Why rare earths? Aren't they just another mineral? And why do some people call this a "rare earth war"?
In fact, this isn’t just a resource embargo—it’s an industrial war spanning over 70 years.
To understand it, start with the most fundamental question.
Why Rare Earths?
Are rare earths really that important?
Extremely important. Today's high-tech and military industries cannot function without rare earths.
Here’s a concrete example: if China cuts off rare earth supplies, the U.S. F-35 fighter jet production will halt within six months. Within 18 months, seven out of ten aircraft in storage could become inoperable.
Chemically speaking, "rare earths" is a collective term for 17 chemical elements, each with unique functions.
This may sound abstract, so let me give a few examples.
Neodymium, dysprosium, and terbium can generate extremely strong magnetic fields in very small volumes—enabling smartphone speakers, computer hard drives, and electric vehicle motors.
Europium, terbium, yttrium, and neodymium can precisely convert electrical energy into light, sound, and vibration—making possible the vibrant colors on smartphone screens, audio playback from speakers, and haptic feedback in phone motors.
Neodymium, samarium, terbium, europium, and dysprosium enable weapons to see farther, hit accurately, and fly faster—powering the F-35 engine, missile guidance systems, and radar technology.
In short, from smartphone chips to missiles and aircraft carriers, rare earths are the key behind their critical components.
Does this mean rare earths are used in large quantities?
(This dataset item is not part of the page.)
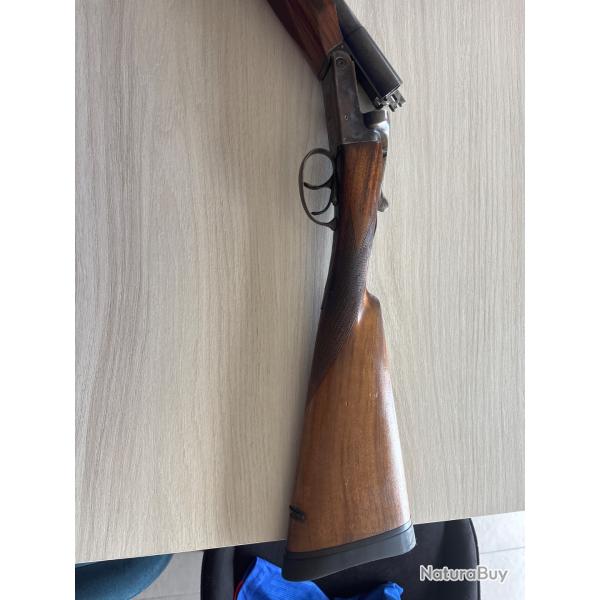 Robust calibre 12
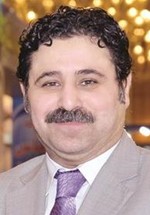 عصام عبد الشافي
Quite the opposite—they're actually used in very small amounts. For example, only a few hundred grams (less than 0.1%) of rare earths are used in a ~400kg airborne AESA radar antenna. Similarly, only tens of kilograms are used in the core magnetic components of a ~5-ton shipborne phased array antenna.
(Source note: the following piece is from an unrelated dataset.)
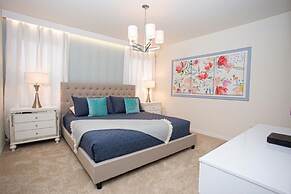 Amazing 6bds Single Home With Private Pool St7040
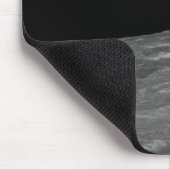 Apollo 8 Earthrise Muismat (Hoek)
In essence, rare earths are like salt—used sparingly, but essential. Without even a pinch, you can't cook. For America, the chef, the salt must come from China.
Because in rare earth manufacturing, China currently holds dominant advantages.
Consider this data: China accounts for about 69% of global rare earth refining and separation capacity, and over 90% of advanced processing capacity. In many critical areas, more than 90% of global output comes from China. Take rare-earth permanent magnet materials essential for military weapons: global production is 310,200 tons, with China producing 284,200 tons—91.62% of the total.
In other words, without China's supply system, the U.S. has no viable alternative in rare earth supply.
Now, what happens when the chef can’t buy salt?
Aircraft won’t immediately fall from the sky, but after exhausting several months of rare earth reserves, changes will emerge. According to a U.S. Congressional report, if China fully cuts off rare earth supplies, F-35 production lines could halt within six months. Within 18 months, only three out of ten aircraft might remain operational. Moreover, critical components like guidance systems and control chips would also face shortages, meaning repairs wouldn’t be possible either.
Unable to repair old equipment or produce new ones, rare earth supply cuts directly block U.S. military modernization.
The same situation applies to America's high-tech industry. The impact on consumer tech products would be even more noticeable—smartphones could become pricier, EV performance could degrade, and computer production could plummet.
Imagine the chef in America—facing such a bill, could he still sleep peacefully? Absolutely not.
Thus, the "rare earths" card is truly an "ace"—it allows China to hold America by the throat.
How Did It Come to This—China Holding America By the Throat?
You might wonder: we’ve always heard about the U.S. restricting us in chips and operating systems. How did the tables turn so dramatically?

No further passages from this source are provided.